◆ Problem requirements: For this exercise, write out only the lines of the entries below from the one with "1 dormitorio con" up to and including the one with "A man is sitting", exactly as they are. Pictures stay out.

◆ Listed entries:
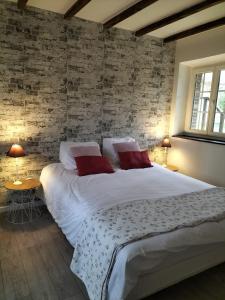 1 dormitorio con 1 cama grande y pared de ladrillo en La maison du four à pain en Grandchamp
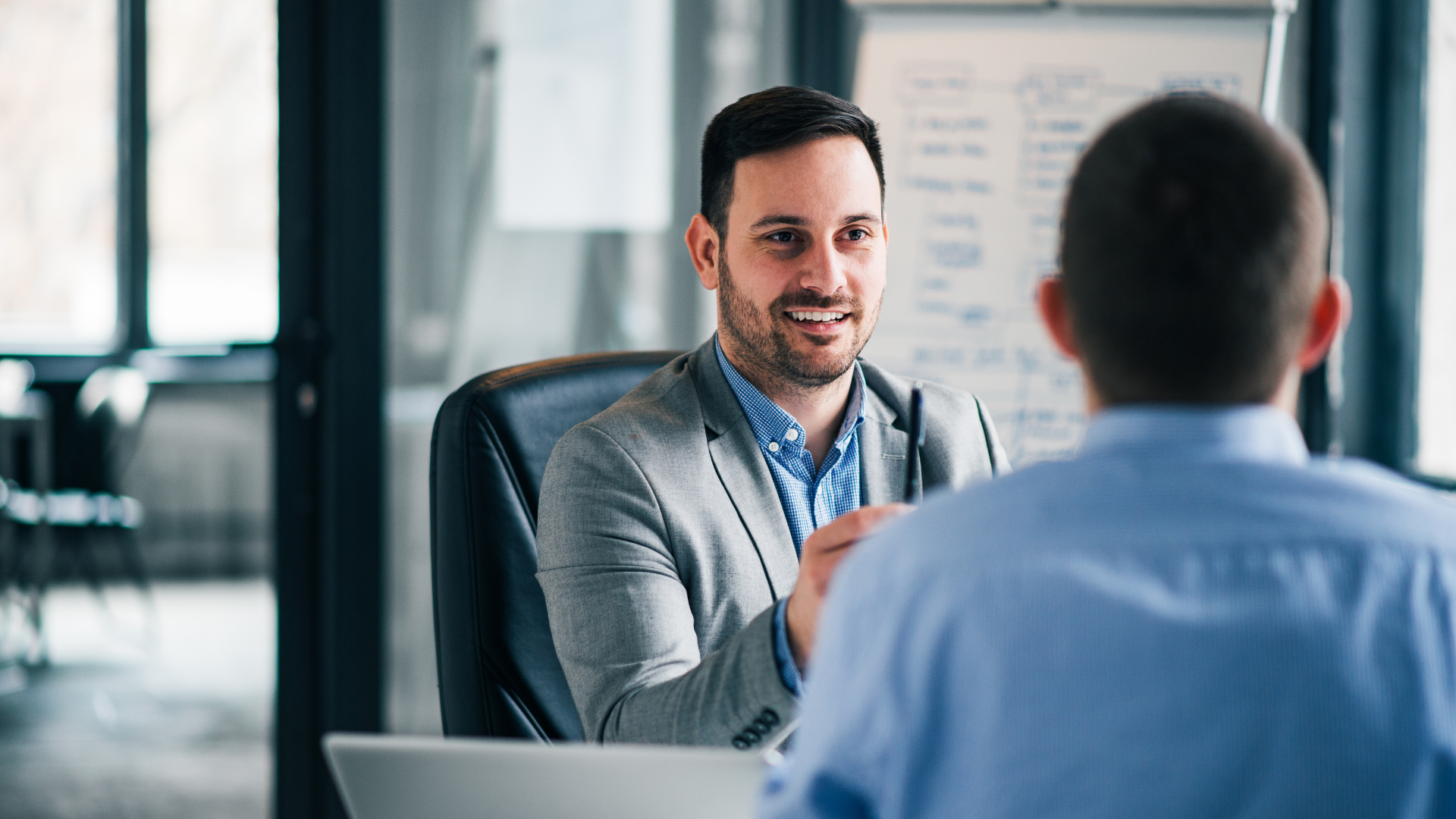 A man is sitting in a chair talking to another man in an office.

* * *

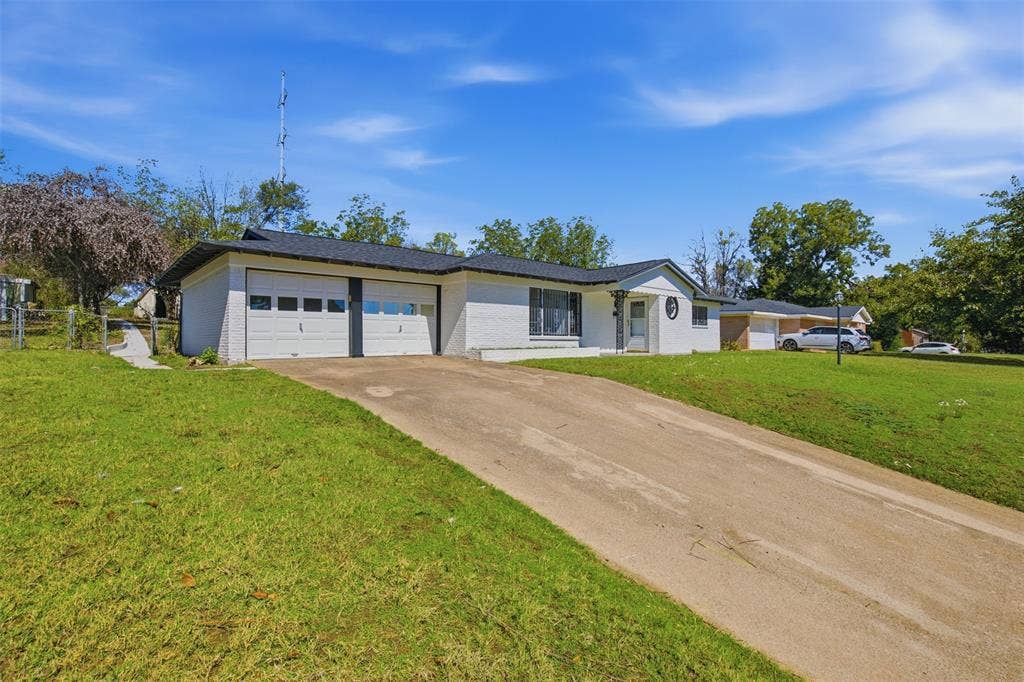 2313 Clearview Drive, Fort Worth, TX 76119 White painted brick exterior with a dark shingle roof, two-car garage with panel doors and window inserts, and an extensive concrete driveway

◆ Answer to this task:
 1 dormitorio con 1 cama grande y pared de ladrillo en La maison du four à pain en Grandchamp
 A man is sitting in a chair talking to another man in an office.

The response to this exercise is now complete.